User guide

This guide describes how to use the command-line utilities provided with Maca, Toki and Corpus2.

Technical note: those utilities are simple programs referencing the corresponding API functions, hence similar functionality may be easily obtained by using the libraries.

It is assumed here that Maca, Toki and the SFST plugin have been installed. Whenever Morfeusz is mentioned, it is assumed that Maca has been build with Morfeusz support (if the Morfeusz library is found in the system, the plugin will be built by default).

Getting started

Maca provides two command-line utils:
  • maca-analyse: the actual analyser
  • maca-convert: the tagset converter

Toki provides one util called toki-app. Corpus2 library provides a simple tool to inspect tagsets and perform tag validation (tagset-tool).

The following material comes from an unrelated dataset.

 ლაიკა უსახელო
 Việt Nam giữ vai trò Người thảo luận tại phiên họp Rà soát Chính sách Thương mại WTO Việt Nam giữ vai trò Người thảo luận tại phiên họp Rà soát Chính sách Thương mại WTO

You can invoke each util with -h (--help) to get some description and allowed options.

maca-analyse, maca-convert and toki-app operate on streams, allowing for pipeline processing (e.g. analyse-and-convert sequences). To see analyser in action, issue:

maca-analyse morfo1222-ikipi

This will load the free morphological data converted from Morfologik and the default tokenisation strategy. Enter some text and hit ^D. You can also set different output mode, e.g. XCES (-o xces).

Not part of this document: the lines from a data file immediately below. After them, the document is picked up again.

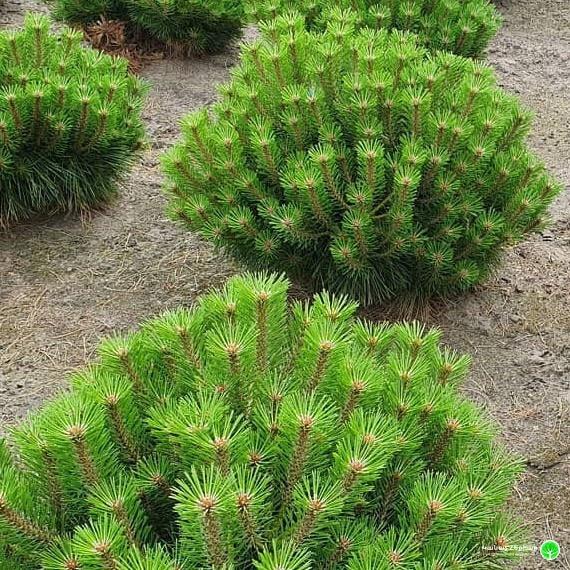 Pinus Densiflora Low Glow - View 6 from www redcrocus com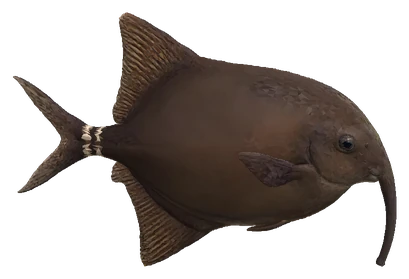 Elephantnose Fish (Gnathonemus petersii)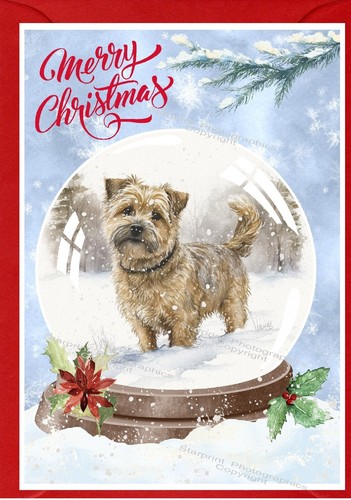 Norfolk terrier dog christmas - dog,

maca-analyse uses the concept of configuration files that define particular analyser and tokeniser behaviour. Such configuration files are sought according to the current search path (the simplest way to see it is to call maca-analyse with a non-existent config name). Note that a config file may reference other files, e.g. compiled morphological dictionaries. Such files are also sought in the search path.

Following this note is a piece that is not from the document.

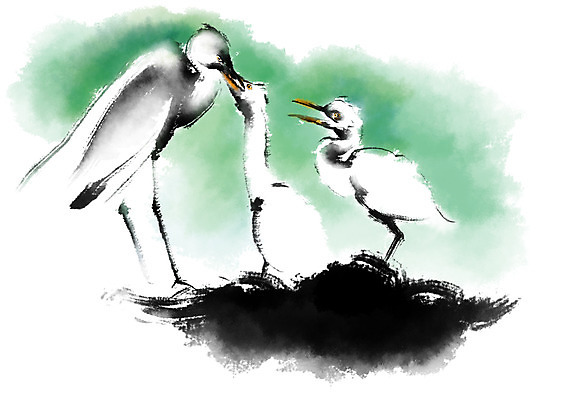 PSD 일러스트 캘리그라피 붓터치 세마리 사람없음 둥지 먹여주기 모이주기 국내일러스트 3 먹기 파일형식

Maca configurations are tied to particular Toki (tokeniser) configurations. This may be overridden of desired. (see maca-analyse -h for details).

Using the tokeniser

Toki is a configurable tokeniser, performing segmentation into tokens and sentence-splitting (optional). Toki is used by Maca, but it is also useful as a stand-alone tool.
Each token output by Toki is attached the following information:
  • orthographical form (as encountered in the running text),
  • token type label (which may be any string), useful for early classification, such as punctuation mark, symbol or regular word form
  • qualitative description of whitespace amount that preceded the token.

The segmentation strategy and token types attached depend on the configuration used. The default configuration is targeted at Polish. To see it working, run toki-app, enter some text and hit ^D. To see the division into sentences, use custom format string, e.g. toki-app -f "\$bs|\t\$orth\$type:\$ws\n.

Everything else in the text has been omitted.